▶ [AIM OF THE EXERCISE]: Transcribe the listing exactly, so that nothing but the pictures is missing.

▶ [INFORMATION PROVIDED]:
--*--

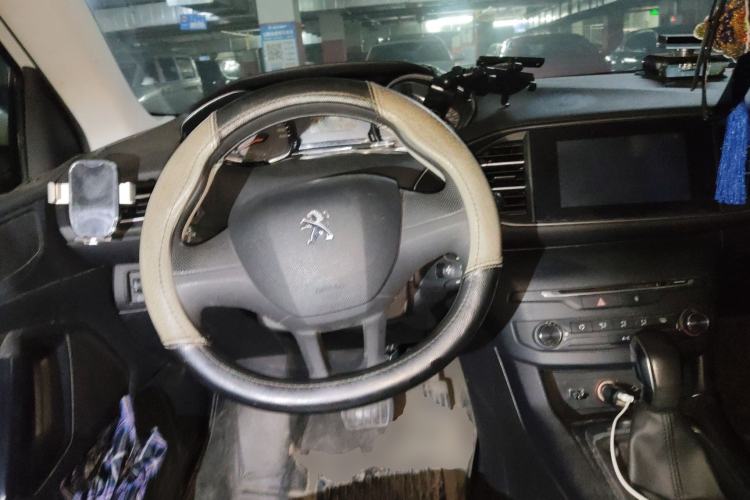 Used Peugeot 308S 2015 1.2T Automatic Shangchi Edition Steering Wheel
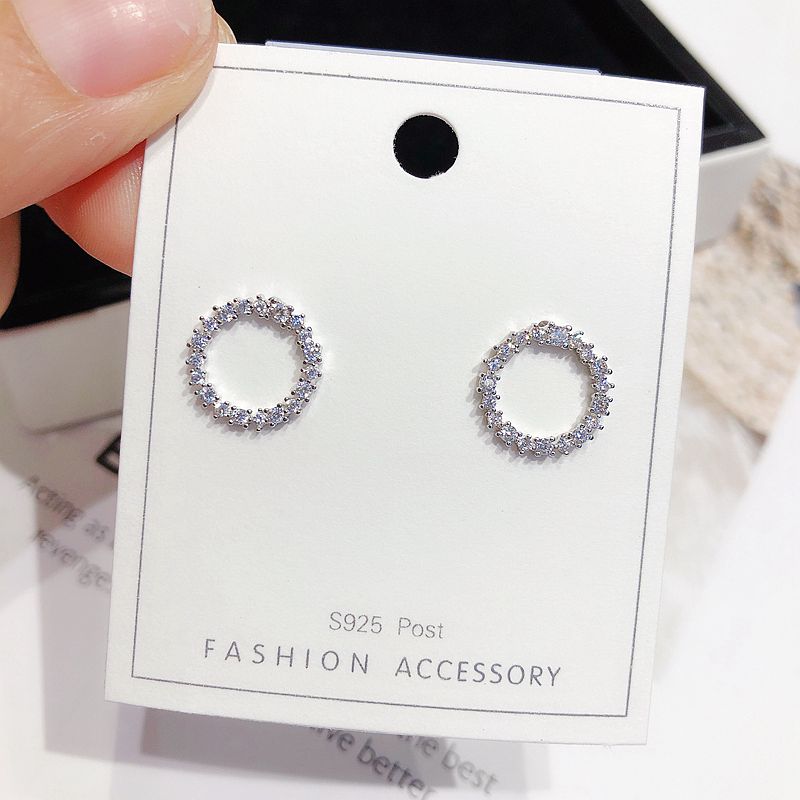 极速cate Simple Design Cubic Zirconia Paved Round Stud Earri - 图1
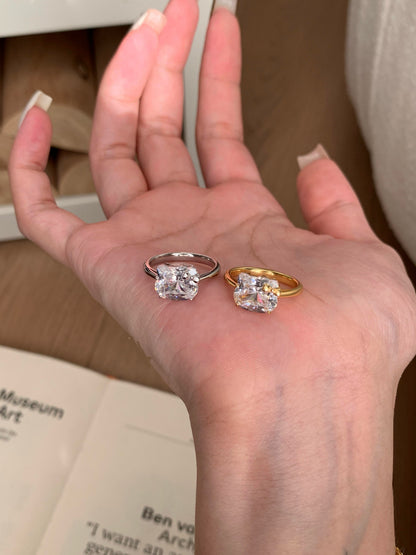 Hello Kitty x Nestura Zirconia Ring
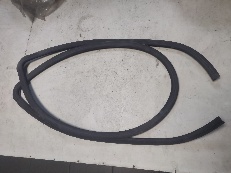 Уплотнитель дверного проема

--*--

▶ [ANSWER SECTION]:
 Used Peugeot 308S 2015 1.2T Automatic Shangchi Edition Steering Wheel
 极速cate Simple Design Cubic Zirconia Paved Round Stud Earri - 图1
 Hello Kitty x Nestura Zirconia Ring
 Уплотнитель дверного проема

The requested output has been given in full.